Our home was an oft-visited place, thanks largely to my Mother’s talents as hostess and domestic chef. On Saturdays, we arose early and hurried to accomplish those mandatory housekeeping chores because mom’s cooking tended to attract drop-in lunchtime guests. Following a lesson passed down from her mother, mom always made meals large enough to set out an extra plate. “When someone comes to your home, give them food,” Catherine had said. “It will make them happy.” Unsurprisingly, both my grandmother and my mother enjoyed Cab Calloway’s song, “Everybody eats when they come to my house.”
My friends, too, were welcome at the little family abode. Mom laughed with us, learned with us, sometimes challenged us, but did not chide us. She easily forgave our youthful indiscretions and gloried in our energy and accomplishments. Her attitude promoted so much socialness and joy in our open home that, many years later, after dad died and mom decided to sell the old place, when I looked back into the house one last time before closing and locking the door, I could have sworn the rooms rang with the many voices raised there in past laughter and merriment.

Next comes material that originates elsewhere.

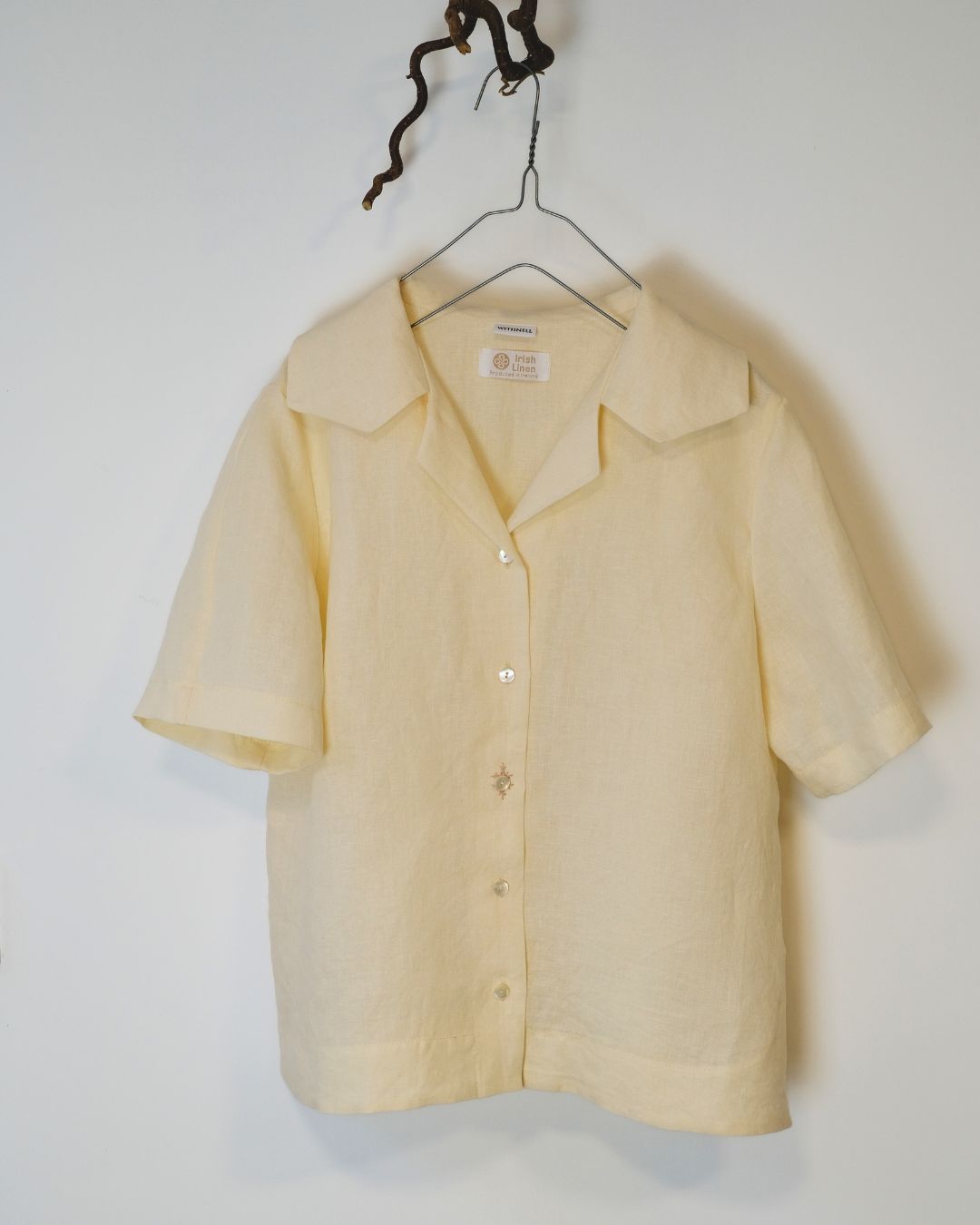 Ivory  short-sleeve shirt on a hanger against a white background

Joy . . . joy and the hope that springs from it were the lessons my mother most frequently extracted from and returned to the world. She was the child admonished for singing at the table, the young woman whose hope for a better life in Florida overcame her fear of leaving her family support up north, the young mother who juggled work and family seemingly without self-indulgent regrets, the supportive parent and wife, and the woman of generous spirit who recognized she must release her child from her tender grasp so that he, too, might pursue life on his own terms. She became the grandmother who purchased stuffed animals and toys because she liked them, then gave them away to the children of friends and relatives that fate delivered into her life. She was our family’s stalwart maintainer of the Christmas holiday because-well-decorations and presents and perogie parties were just so much fun.

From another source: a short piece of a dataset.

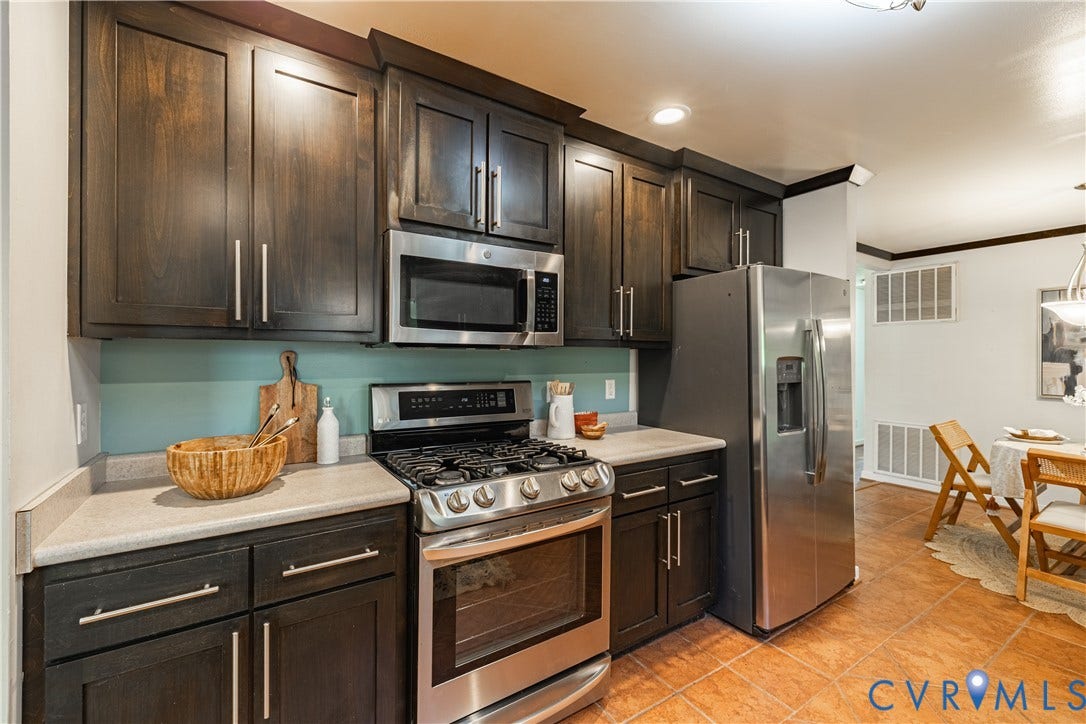 704 Forestview Drive, Colonial Heights, VA 23834 Kitchen featuring wood-finish cabinetry, stainless steel appliances, light-toned countertops, and a tile floor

And there was one other special lesson she offered me-my earliest summertime memory-mom taking me to a duck pond (it appeared a huge lake from my tiny human viewing angle), pointing to the sun-glistening water, and saying, “Remember this.” That winter, after the pond froze and ice skaters circled its hardened surface, she took me there again and asked “Do you remember the pond in the summer? Do you see how different it is now?”
Thus did I begin comprehending the seasons, the patterns of nature, and the creeping progression of time, against which we struggle and to which we must surrender . . . as have the souls who taught my parents their life lessons, and now, as have my parents, Joseph and Caroline, who taught me mine. By these lessons may they all be well remembered.